March 4th, 2009 15:05 EST
Will The Real Leader Of The GOP Please Stand Up
President Barack Obama is the undisputed leader of the Democratic Party. His approval ratings are through the roof, and the only Democrat with the name recognition and the organization to challenge him in 2012 (Hillary Clinton) is safely ensconced in his administration. Obama can depend on the members of his party to follow his lead. We can expect Obama to work like a dervish in the next couple of years, he wants to sign as many bills into law while the Democrats still solidly control both houses of Congress.
But the Republicans don`t have a single person they can look to for leadership and guidance, that`s why they are always invoking the name of Ronald Reagan.
John McCain, the 2008 Republican presidential nominee was soundly defeated by Obama, and at 72 he`s too old to run again for president. McCain will be lucky to win reelection to the Senate, even the citizens of Arizona have turned against him.
Sarah Palin is frequently mentioned as a 2012 presidential hopeful, but her appeal is limited to the far right of the Republican party. Most mainstream GOP members don`t consider her as one of the leaders of their party.
Mike Huckabee is intelligent and charismatic, but you can`t win a national election when your base is limited to the South. The GOP needs a leader who has a national appeal, and Huckabee needs to work to extend his support beyond the evangelicals.
Bobby Jindal, the governor of Louisiana, is one of the rising stars of the opposition party, but his disastrous rebuttal to Obama`s address dimmed his star power. In that speech Jindal accomplished the seemingly impossible, he made Sarah Palin look like an intellectual. Republicans are too embarrassed to refer to Jindal as their leader.
Rudolph Giuliani may be "America`s Mayor", but he will never be the GOP`s leader, let alone President of the United States of America. His 9/11 glory has faded, and he is way too liberal for the GOP to regard him as one of their leaders.
The nominal head of the Republican Party is Michael Steele, the chairman of the Republican National Committee. Steele is responsible for overseeing the party`s campaigning and fundraising operations, and he will probably excel as a behind-the-scenes organizer. But Steele has all the charisma of a burned out light bulb, and he will fail miserably if he attempts to portray himself as the real leader of the GOP.
The Republicans are in a real quandary, they are in a desperate search for a statesman who can bring together the disparate factions of their party. The Democrats aren`t doing them a favor when they argue that Rush Limbaugh is the genuine boss of the GOP. The Dems would love to see the big fat blowhard regarded as the kingpin of the Republican Party, the more Rushbo bloviates the more reasoned and intelligent he makes Obama look.
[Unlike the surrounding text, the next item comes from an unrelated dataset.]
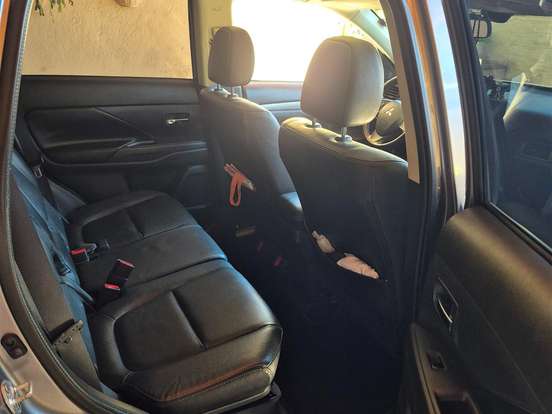 MITSUBISHI-OUTLANDER-2.0 16V GASOLINA 4P AUTOMÁTICO MITSUBISHI-OUTLANDER-2014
The Republicans are in such a sad state of affairs, that a case can be made that Limbaugh really is their top dog. Limbaugh`s army of dittoheads are ready at a moment`s notice to do their master`s bidding. If Rushbo orders them to send emails to Congress to protest a specific piece of legislation, in minutes senators and congressmen will be flooded with email.
Limbaugh is so powerful that few Republicans dare chastise him for his divisive and hateful speech. Recently Michael Steel described Limbaugh as "an entertainer" with an "incendiary" and "ugly style." Limbaugh responded by suggesting that Steele was "off to a shaky start" at the RNC. "I hope the RNC chairman will realize he`s not a talking head pundit, that he is supposed to be working on the grassroots and rebuilding it," Limbaugh said. Within hours of Limbaugh`s rebuke, Steel was on bended knee publicly apologizing to the rotund radio talk show host. Steele isn`t the only GOP coward who has criticized Limbaugh, and then promptly apologized.
Limbaugh has too many skeletons in his closet to ever run for president, but he`s the real power in the GOP. The Republicans don`t have a prayer of mounting a serious challenge to Obama in 2012 if they can`t coalesce behind a leader who isn`t afraid of Limbaugh, and who can unite all sections of their party.
The Republicans need to forget about the halcyon days under Ronald Reagan, and hope that a Romney or a Crist will rise to the occasion. Even stalwart liberals should agree that it`s best for our democracy if one party doesn`t dominate the political process.